What are we, who are we, and why are we? Nearly a decade after Toy Story 3 brought Woody, Buzz, Jessie, and the rest of the gang millimeters away from a fiery destruction in an incinerator, Toy Story 4 eases back on the destruction of the self and ponders the meaning of the self. It’s a meta treatment that works beautifully, resonates emotionally, and should finally wrap up the Toy Story franchise. Do you hear me, Pixar? STORIES CAN HAVE ENDINGS. (Also, John Lasseter has a story credit on this thing. That’s pretty gross.)
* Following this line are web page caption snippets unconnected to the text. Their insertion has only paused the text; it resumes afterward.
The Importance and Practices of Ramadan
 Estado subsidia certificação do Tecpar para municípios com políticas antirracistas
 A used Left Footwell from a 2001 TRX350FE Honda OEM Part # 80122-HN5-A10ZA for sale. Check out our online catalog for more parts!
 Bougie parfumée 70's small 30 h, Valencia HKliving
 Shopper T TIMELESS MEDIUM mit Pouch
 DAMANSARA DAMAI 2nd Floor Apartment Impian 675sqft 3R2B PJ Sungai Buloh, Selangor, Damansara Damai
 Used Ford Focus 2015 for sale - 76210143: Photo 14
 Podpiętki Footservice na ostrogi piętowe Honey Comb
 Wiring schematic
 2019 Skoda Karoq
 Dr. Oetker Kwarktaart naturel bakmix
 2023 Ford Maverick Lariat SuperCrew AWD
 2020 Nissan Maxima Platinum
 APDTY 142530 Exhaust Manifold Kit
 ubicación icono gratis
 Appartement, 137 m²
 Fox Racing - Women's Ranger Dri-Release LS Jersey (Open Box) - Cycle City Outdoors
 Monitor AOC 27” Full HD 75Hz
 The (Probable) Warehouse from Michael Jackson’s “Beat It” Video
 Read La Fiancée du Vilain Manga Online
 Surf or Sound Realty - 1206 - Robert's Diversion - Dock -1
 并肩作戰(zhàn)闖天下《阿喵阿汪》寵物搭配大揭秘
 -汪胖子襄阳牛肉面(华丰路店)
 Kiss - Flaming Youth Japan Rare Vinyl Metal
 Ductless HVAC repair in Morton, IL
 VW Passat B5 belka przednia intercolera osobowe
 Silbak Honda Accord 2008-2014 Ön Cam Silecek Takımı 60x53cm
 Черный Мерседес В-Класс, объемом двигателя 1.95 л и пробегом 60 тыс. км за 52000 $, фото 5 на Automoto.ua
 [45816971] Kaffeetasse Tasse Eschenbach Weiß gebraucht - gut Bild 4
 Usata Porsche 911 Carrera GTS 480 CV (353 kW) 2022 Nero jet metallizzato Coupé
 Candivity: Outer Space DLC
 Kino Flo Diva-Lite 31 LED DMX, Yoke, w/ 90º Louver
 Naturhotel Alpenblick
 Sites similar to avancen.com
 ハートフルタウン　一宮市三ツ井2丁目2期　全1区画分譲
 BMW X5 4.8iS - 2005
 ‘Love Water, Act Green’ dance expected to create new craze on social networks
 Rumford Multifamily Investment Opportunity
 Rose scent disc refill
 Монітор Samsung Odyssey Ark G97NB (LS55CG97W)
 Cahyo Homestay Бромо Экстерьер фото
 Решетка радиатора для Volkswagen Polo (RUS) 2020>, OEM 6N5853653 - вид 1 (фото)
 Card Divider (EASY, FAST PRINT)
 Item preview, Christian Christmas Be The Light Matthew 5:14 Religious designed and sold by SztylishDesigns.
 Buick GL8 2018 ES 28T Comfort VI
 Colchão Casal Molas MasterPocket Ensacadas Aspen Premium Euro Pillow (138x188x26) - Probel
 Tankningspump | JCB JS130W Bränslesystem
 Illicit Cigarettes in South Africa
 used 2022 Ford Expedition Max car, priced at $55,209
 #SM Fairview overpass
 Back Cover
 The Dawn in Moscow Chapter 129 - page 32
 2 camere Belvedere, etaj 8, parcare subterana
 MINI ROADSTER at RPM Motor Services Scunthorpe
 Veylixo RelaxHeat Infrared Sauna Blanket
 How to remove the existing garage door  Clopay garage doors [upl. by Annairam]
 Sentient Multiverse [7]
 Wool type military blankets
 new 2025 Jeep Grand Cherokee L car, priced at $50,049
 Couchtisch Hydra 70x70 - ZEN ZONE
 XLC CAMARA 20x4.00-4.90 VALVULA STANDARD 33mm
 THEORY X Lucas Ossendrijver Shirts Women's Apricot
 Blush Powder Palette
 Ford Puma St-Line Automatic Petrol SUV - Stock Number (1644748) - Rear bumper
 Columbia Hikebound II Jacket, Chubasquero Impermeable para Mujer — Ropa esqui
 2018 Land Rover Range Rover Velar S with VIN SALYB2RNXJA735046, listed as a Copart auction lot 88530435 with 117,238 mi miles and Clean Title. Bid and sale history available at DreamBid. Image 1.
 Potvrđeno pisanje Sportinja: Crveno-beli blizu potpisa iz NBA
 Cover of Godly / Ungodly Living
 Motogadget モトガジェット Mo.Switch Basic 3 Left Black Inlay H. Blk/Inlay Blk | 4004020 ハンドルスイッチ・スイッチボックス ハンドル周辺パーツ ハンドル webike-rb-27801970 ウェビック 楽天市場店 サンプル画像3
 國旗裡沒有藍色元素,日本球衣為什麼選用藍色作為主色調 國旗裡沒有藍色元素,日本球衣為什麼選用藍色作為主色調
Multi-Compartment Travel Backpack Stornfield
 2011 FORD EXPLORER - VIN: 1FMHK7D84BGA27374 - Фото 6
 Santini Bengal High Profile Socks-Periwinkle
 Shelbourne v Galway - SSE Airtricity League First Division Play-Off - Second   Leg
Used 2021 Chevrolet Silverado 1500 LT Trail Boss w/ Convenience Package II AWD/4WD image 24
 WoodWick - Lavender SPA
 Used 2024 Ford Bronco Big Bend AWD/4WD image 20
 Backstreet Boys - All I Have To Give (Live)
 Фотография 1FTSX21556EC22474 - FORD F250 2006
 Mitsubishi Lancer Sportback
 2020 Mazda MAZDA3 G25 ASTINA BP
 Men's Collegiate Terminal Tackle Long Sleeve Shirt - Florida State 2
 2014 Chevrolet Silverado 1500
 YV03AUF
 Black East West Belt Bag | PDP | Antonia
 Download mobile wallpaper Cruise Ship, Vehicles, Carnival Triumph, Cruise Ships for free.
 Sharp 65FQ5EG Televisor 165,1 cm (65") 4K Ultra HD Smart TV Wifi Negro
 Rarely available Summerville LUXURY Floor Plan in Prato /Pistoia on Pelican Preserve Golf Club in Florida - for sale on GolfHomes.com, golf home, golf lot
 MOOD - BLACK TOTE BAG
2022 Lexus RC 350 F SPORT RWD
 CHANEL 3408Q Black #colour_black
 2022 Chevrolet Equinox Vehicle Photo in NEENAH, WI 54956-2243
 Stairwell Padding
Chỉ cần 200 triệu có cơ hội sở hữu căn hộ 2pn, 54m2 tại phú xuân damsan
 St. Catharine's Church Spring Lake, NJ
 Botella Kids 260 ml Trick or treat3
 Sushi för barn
Toy Story 4 begins some time after Toy Story 3, and it’s clear from the onset that the dynamic of this community has shifted. Bonnie (voiced by Madeleine McGraw) has her own preferences for which toys she likes to play with, and they’re very different from what we saw with Andy in Toy Story, Toy Story 2, and Toy Story 3. In those films, Woody (voiced by Tom Hanks, as good as ever) was the sheriff, the head honcho, the main man, the toy everyone else turned to when they needed guidance or advice or a plan. Now that they’re Bonnie’s toys, though, Woody has fallen out of favor. Bonnie leaves him in the closet, or she passes over him when she wants to play, or she flat-out ignores him. The only time she really pays attention is when she plucks off his sheriff’s badge and gives it to cowgirl Jessie (voiced by Joan Cusack).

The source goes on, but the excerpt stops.